ASSIGNMENT:
Below is a listing; restate from it, character for character, the lines beginning at the line holding "Dustin Johnson signs" and ending at the line holding "spare room featuring ceiling fan and carpet", both included.

MATERIAL SHOWN:
= = = = =
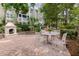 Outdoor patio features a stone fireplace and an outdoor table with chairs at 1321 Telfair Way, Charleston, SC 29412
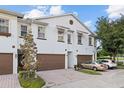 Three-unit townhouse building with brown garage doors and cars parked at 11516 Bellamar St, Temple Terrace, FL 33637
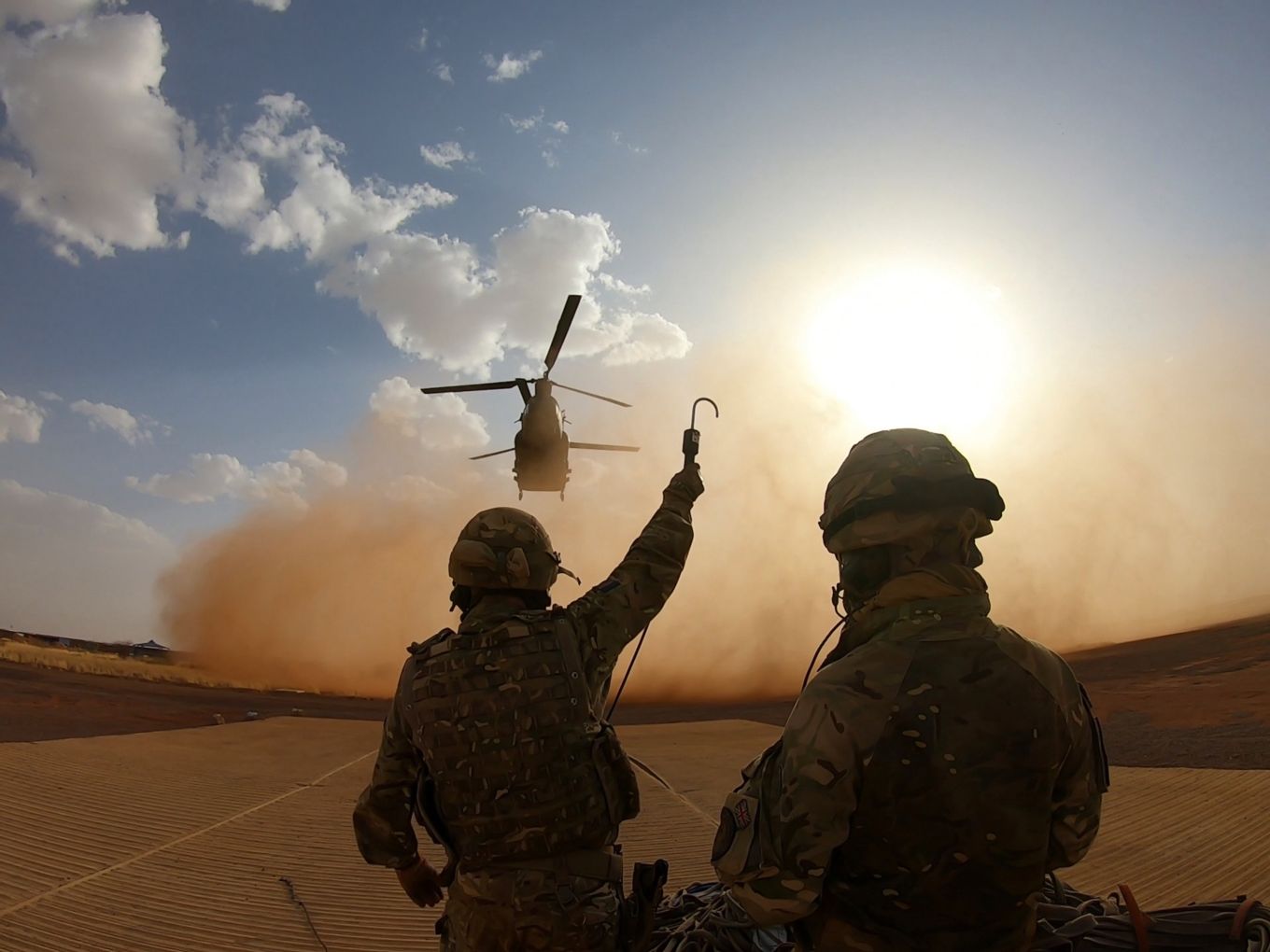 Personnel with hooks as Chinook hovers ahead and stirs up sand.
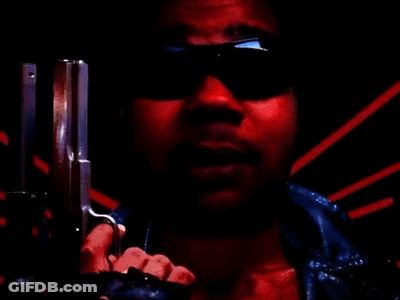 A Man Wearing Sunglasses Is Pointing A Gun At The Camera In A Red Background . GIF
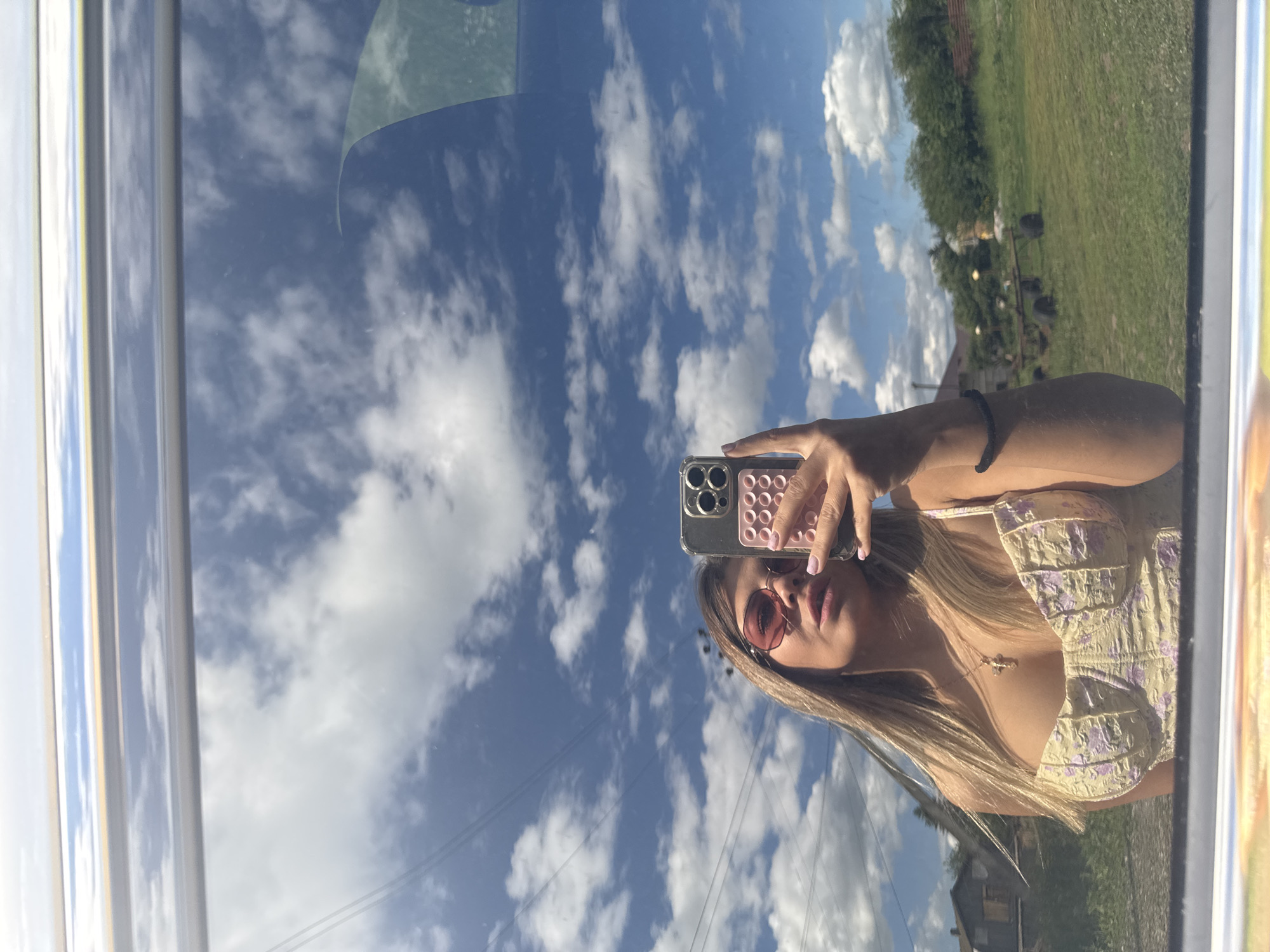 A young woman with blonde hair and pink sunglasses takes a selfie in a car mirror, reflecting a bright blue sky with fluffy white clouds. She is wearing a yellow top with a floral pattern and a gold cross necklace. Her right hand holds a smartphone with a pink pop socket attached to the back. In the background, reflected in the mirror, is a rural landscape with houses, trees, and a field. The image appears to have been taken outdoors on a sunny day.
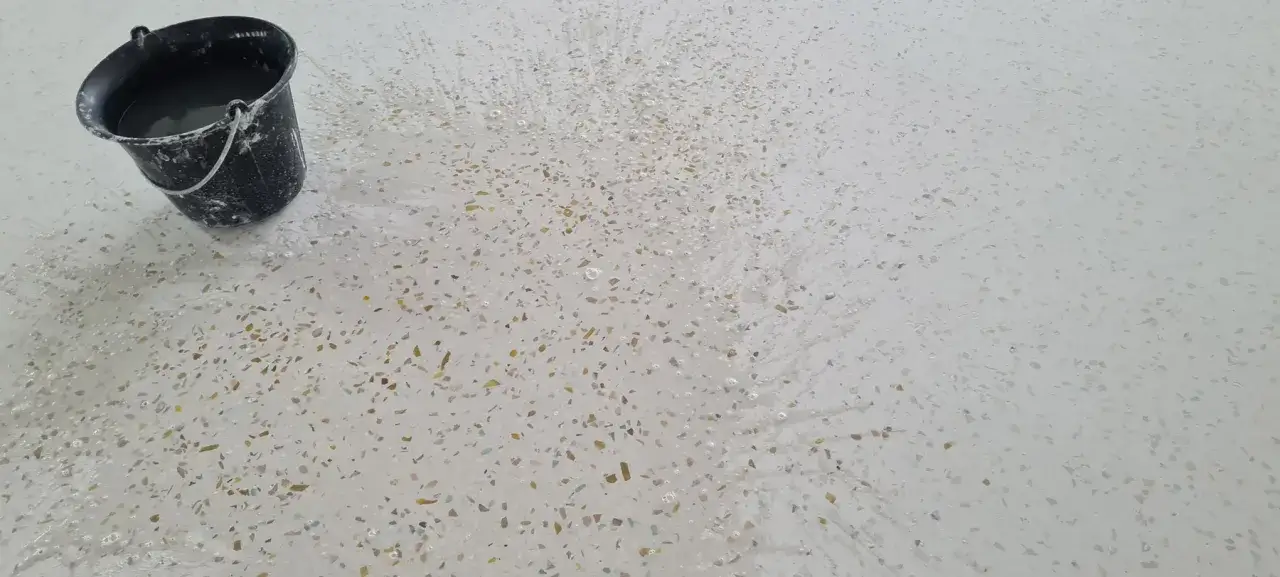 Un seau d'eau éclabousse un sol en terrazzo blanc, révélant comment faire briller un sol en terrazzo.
= = = = =
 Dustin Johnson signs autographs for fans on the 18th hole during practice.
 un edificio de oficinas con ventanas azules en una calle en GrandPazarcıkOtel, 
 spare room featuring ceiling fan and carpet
= = = = =
TASK SOLUTION:
 Dustin Johnson signs autographs for fans on the 18th hole during practice.
 un edificio de oficinas con ventanas azules en una calle en GrandPazarcıkOtel, 
 spare room featuring ceiling fan and carpet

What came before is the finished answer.